There is a particular cruelty to what is happening to digital journalism right now. News publishers are producing the most important, most widely read journalism of the past decade. Their traffic metrics — page views, unique visitors, time on site — are at or near all-time highs across the board. And yet the programmatic advertising revenue that sustains most of their operations is generating a fraction of what it would generate under normal circumstances, because the brand safety technology that advertisers have deployed is blocking their ads from appearing on virtually any page that mentions the word “coronavirus.”

The consequence is not an abstraction. It is the financial starvation of journalism at the moment when journalism’s value to the public is most apparent. And the mechanism causing it is not malicious — it is simply blunt, unreflective, and long overdue for a fundamental rethink.

How We Got Here

Brand safety as a commercial practice emerged from a series of high-profile incidents in which major brands found their ads placed adjacent to extremist content, graphic violence, or politically charged material they had not intended to support.
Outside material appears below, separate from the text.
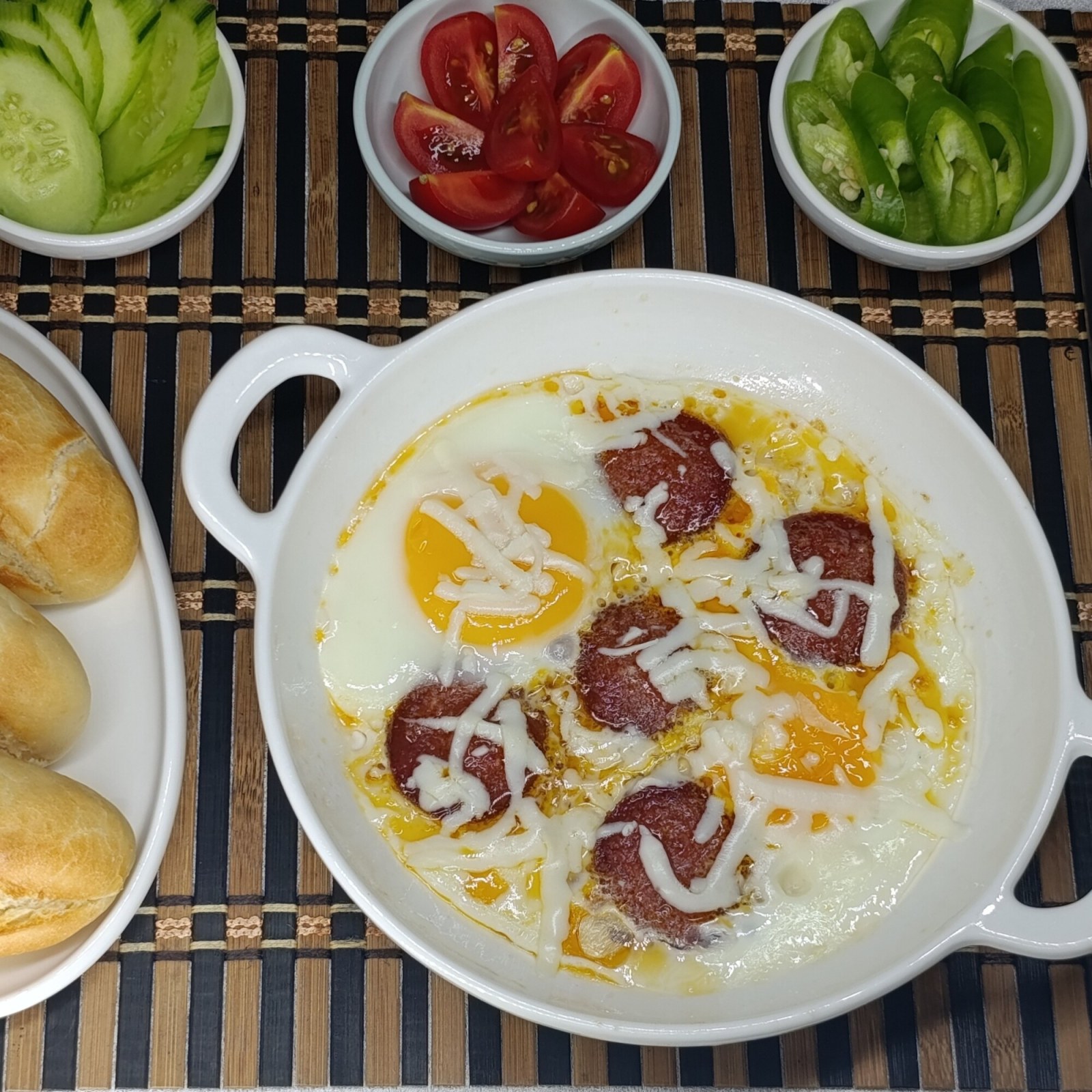 Sahanda Sucuklu Kaşarlı Yumurta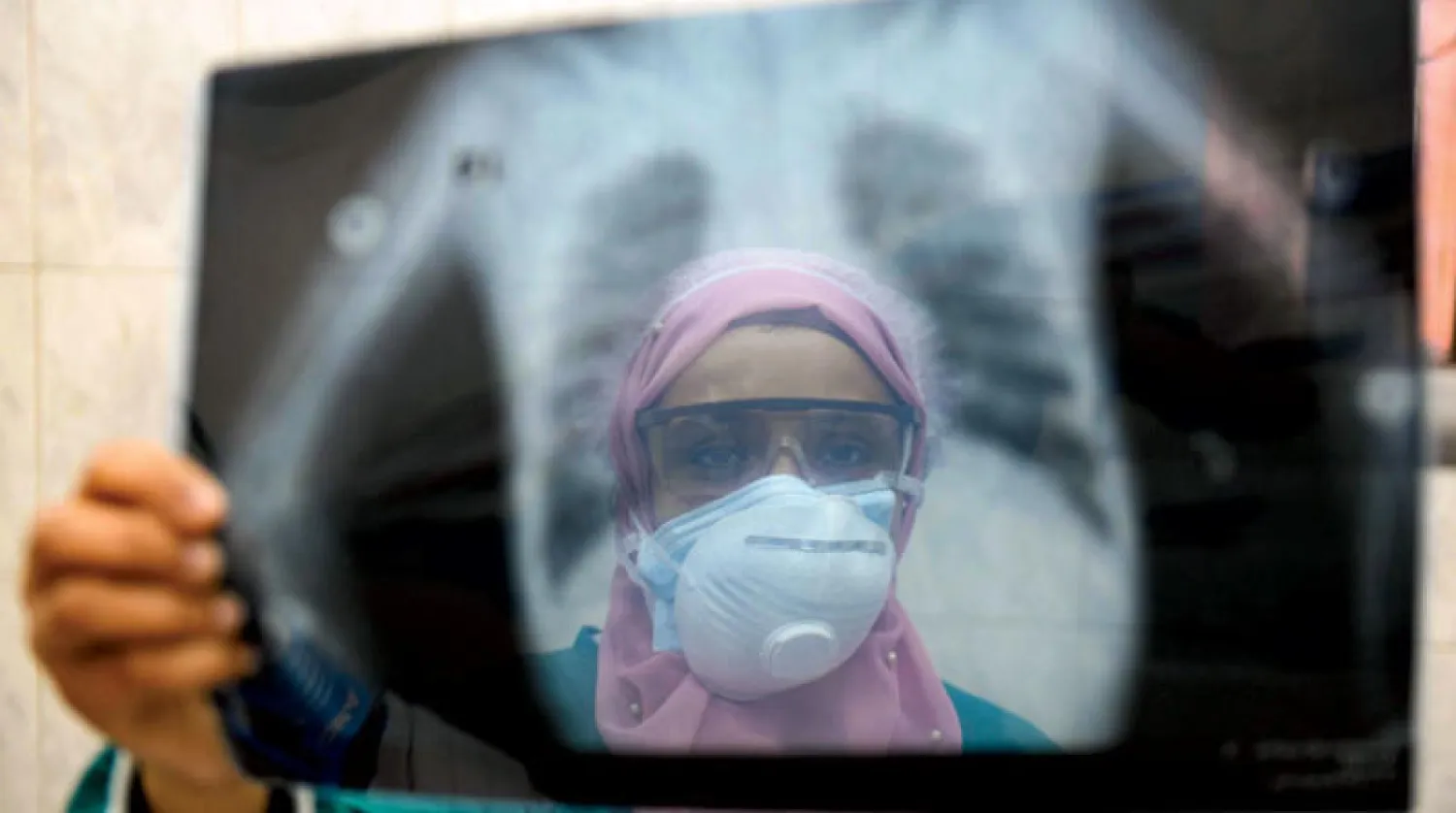 الحكومة المصرية تبذل جهوداً لتوفير الكمامات بشكل مستدام للمواطنين بأسعار مقبولة (أ.ف.ب)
The YouTube brand safety crisis of 2017, in which brands including major consumer packaged goods companies pulled spend after ads were found running alongside extremist content, was the inflection point that accelerated investment in brand safety technology and made keyword blocking a standard part of campaign setup.

The technology that emerged — primarily from IAS, DoubleVerify, and Integral Ad Science — uses keyword-based classification to flag pages for advertiser review or to block advertising outright. A page containing words from a block list — typically words associated with violence, drugs, illegal activity, political controversy, or explicit content — is classified as unsuitable for advertising and ads are suppressed.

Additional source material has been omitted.